Author: Gordon Platt

UNITED STATES


By Gordon Platt

150_Ben-Bernanke

Taking a new tack: Ben Bernanke, Fed chairman

Fed watchers around the world were surprised in August when the Federal Open Market Committee announced a decision to target the Federal Reserve’s balance sheet, rather than reserves or interest rates, as its key lever of monetary policy. In what some are calling QE2, or Quantitative Easing Lite, the FOMC voted to reinvest its maturing agency and mortgage-backed securities into treasuries to keep its balance sheet from shrinking. This means that the Fed has stopped looking for an exit strategy, at least for the time being, and is concerned about the slow pace of the economic recovery. The recycling of agency and MBS was the most significant aspect of the FOMC’s statement, although it repeated that it would keep interest rates low for an extended period.

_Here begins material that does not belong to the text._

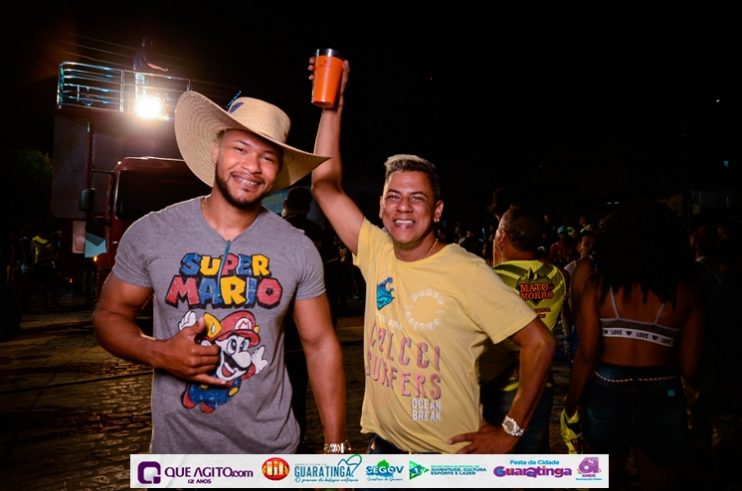 De cima do trio elétrico, Katrina e Jarley Rosa puxam multidão no tradicional arrastão 138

The committee’s decision to target the Fed’s balance sheet is as important as the decision by the “Volcker Fed” on October 6, 1979, to target reserves, says Dennis Gartman, editor and publisher of “The Gartman Letter” advisory service. In what became known as “The Saturday Night Massacre,” then-chairman Paul Volcker announced a change in Fed policy that sent interest rates soaring. Volcker said the Fed would allow the funds rate to seek its own level to stamp out inflationary pressures.

The current FOMC has chosen to make its operational activities clearer and easier to understand, Gartman says. “Simply put, we will know without equivocation, in the months and years ahead, what the Fed is doing by keeping hard track of its portfolio,” he says. “Should the Fed’s balance sheet tip upward in the future, then we shall know without debate that it has eased; if its balance sheet has fallen, we shall know that it has tightened policy. There can be no debate henceforth.”

If the Fed allows its balance sheet to shrink at the same time that fiscal policy is tightening, it could risk repeating its mistake of 1937, when it raised reserve requirements and the discount rate, pushing the economy back into the Depression.